Now that Black Friday, Small Business Saturday, Cyber Monday and Giving Tuesday are behind us, we need to re-evaluate.

That was potentially an expensive week.

This time of year, we thrive on excess. We feed an urge to buy stuff. And while mega-retailers are more than eager to shovel that money into their profit margins, it is the local shops downtown that are equally dependent on our willingness to consume (or overconsume) and indulge (or overindulge).

We need to frequent these stores. They are the backbone of our communities, and the business owners are our neighbors and friends. We all know that a smile and recommendation go a long way when it comes to customer service. Ask any merchant, they will say we — as a society — are too willing to let the goods come to us.

Not shopping local is like taking money out of wallets and handing it to people who have no interest in our schools and sidewalks. Online retailers do not care whether there are empty storefronts in our downtowns.

That makes each of us part of the problem. And as hot a topic as climate change is, this is akin to that. Shopping patterns are linked to behavior. It is easier to avoid a problem and believe that one person’s role in a system does not matter. Except that you are not the only person not shopping downtown this holiday season. Nor are you the only person who won’t recycle, or compost.

The holidays, for all of their beauty, are a menace. They increase our personal debt. They lead to further accumulation of stuff. And consuming and indulging — no matter from where we buy our gifts — leads to significant waste.

Which leads to the reality check: The amount of waste we generate is staggering. That waste isn’t limited to wrapping paper and packaging.

According to Stanford University, which has an entire department that tracks waste products, Americans throw away 25% more trash during the Thanksgiving to New Year’s holiday period than any other time of year. The extra waste amounts to 25 million tons of garbage, or about 1 million extra tons per week.

According to the Stanford study: “If every family reused just two feet of holiday ribbon, the 38,000 miles of ribbon saved could tie a bow around the entire planet. If every American family wrapped just 3 presents in re-used materials, it would save enough paper to cover 45,000 football fields. The 2.65 billion Christmas cards sold each year in the U.S. could fill a football field 10 stories high. If we each sent one card less, we’d save 50,000 cubic yards of paper.”

It includes food waste, as well.

According to Worldwatch Institute, Americans generate an extra 5 million tons of household waste each year between Thanksgiving and New Year’s, three times more food waste than at any other time of the year.

On the pages of our Weekend Magazine in recent weeks, there have been some articles offering tips about packaging and reducing the holiday footprint in our lives.

Consider that wrapping paper is often used once and thrown away. One of those articles suggested using colorful pages torn from magazines to wrap small gifts, and old maps or the Sunday comics for larger boxes (we approve of this one). Avoid using paper entirely by using reusable decorative tins, baskets or boxes. If you do buy wrapping paper, look for ones made of recycled paper.
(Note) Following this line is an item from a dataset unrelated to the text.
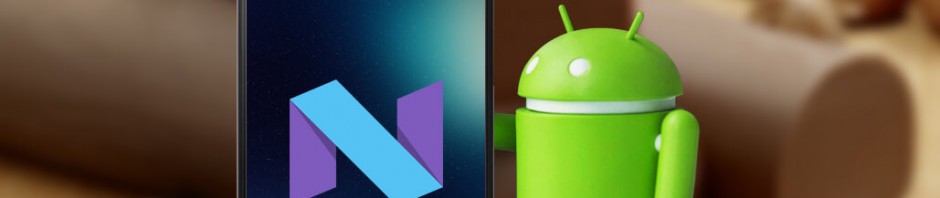 Android N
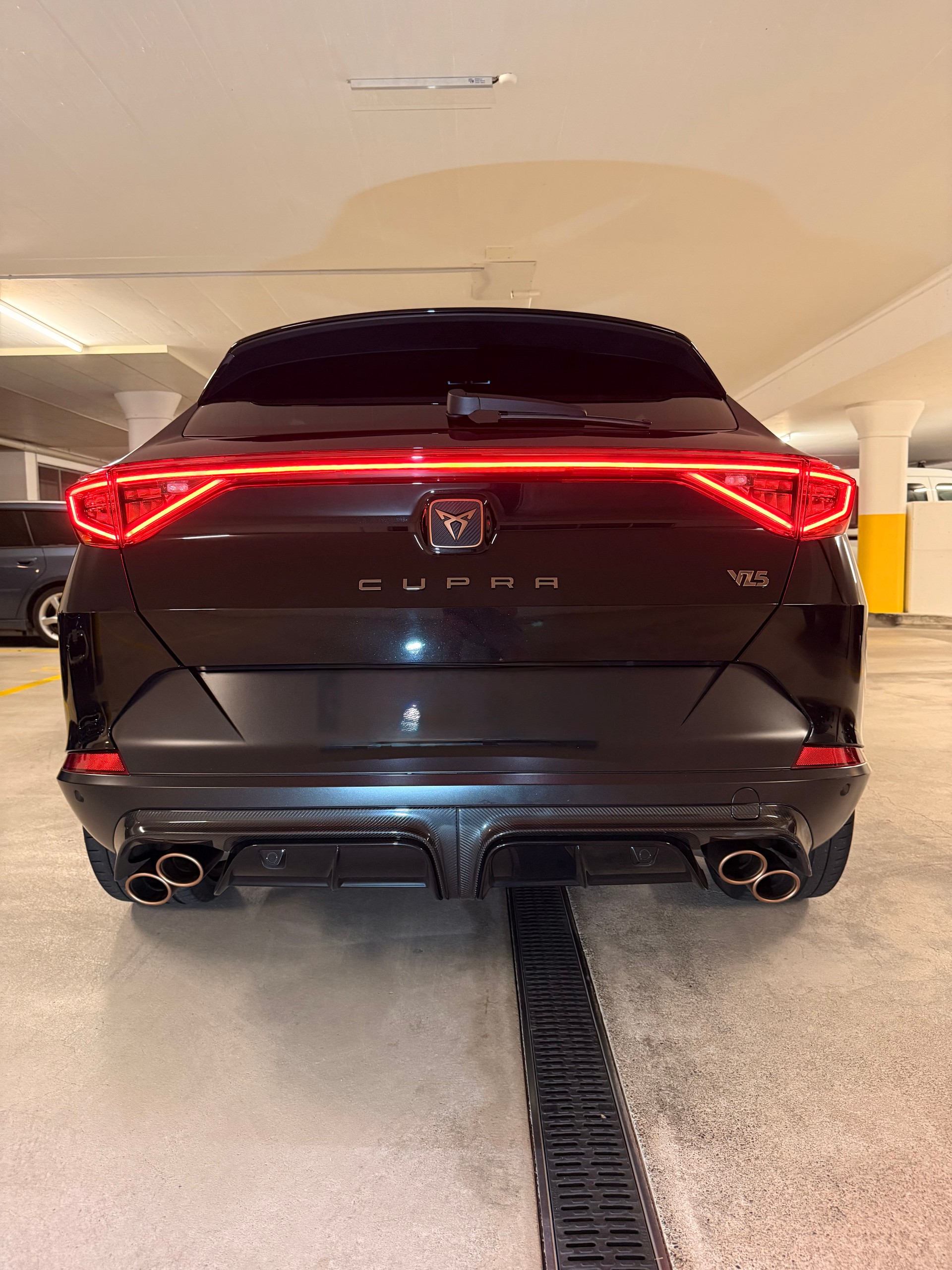 CUPRA 2.5 TSI VZ5 4Drive DSG-image-4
Reusable cloth ribbons can be used in place of plastic bows. Finally, unwrap gifts carefully and save wrappings for reuse next year.

And while shopping, consider gifts with an environmental message: a nature book, a refillable thermos bottle, a canvas tote bag, a battery recharger or items made from recycled materials. Choose solar powered instead of battery powered products. Or better yet, ones that require no power at all. (And they can be found locally.)

And as is Vermont tradition: Go homemade.

As for food scraps, if you aren’t thinking about them this year, you will be next year.

Starting July 1, 2020, food scraps are banned from landfill disposal in Vermont. Keeping food scraps out of your trash has plenty of benefits, among them, extending the life of Vermont’s sole landfill, reducing greenhouse gases, supporting green jobs and improving our soils.

So be mindful this holiday season. Don’t let the holidays consume you.

And for heaven’s sake, add a compost bin to your gift list. You’re going to need it.